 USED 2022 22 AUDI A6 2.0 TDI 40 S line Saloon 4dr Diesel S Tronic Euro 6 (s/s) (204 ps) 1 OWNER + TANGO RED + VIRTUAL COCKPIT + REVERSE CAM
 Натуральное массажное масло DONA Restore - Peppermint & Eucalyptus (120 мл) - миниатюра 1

...

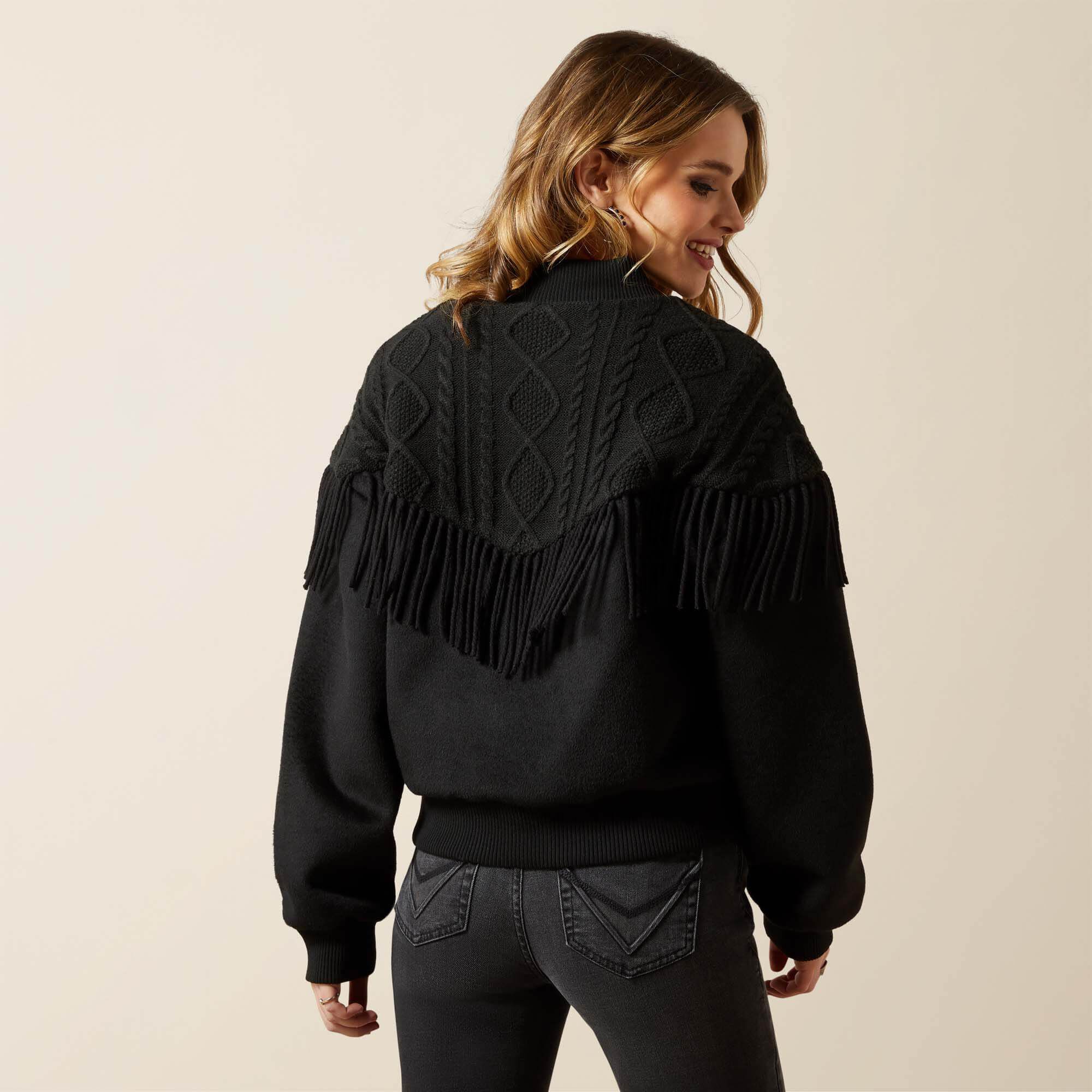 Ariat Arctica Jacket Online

--

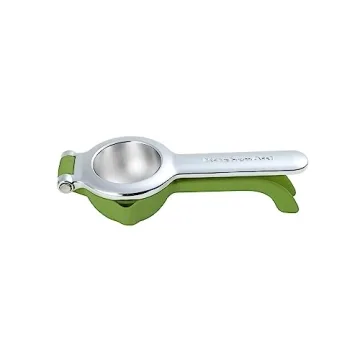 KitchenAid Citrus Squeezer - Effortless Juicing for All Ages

EXERCISE INSTRUCTIONS. Please reproduce exactly the lines in the listing above from the one containing "USED 2022 22" through the one containing "Натуральное массажное масло", both included, and nothing more.

ANSWER BOX.
 USED 2022 22 AUDI A6 2.0 TDI 40 S line Saloon 4dr Diesel S Tronic Euro 6 (s/s) (204 ps) 1 OWNER + TANGO RED + VIRTUAL COCKPIT + REVERSE CAM
 Натуральное массажное масло DONA Restore - Peppermint & Eucalyptus (120 мл) - миниатюра 1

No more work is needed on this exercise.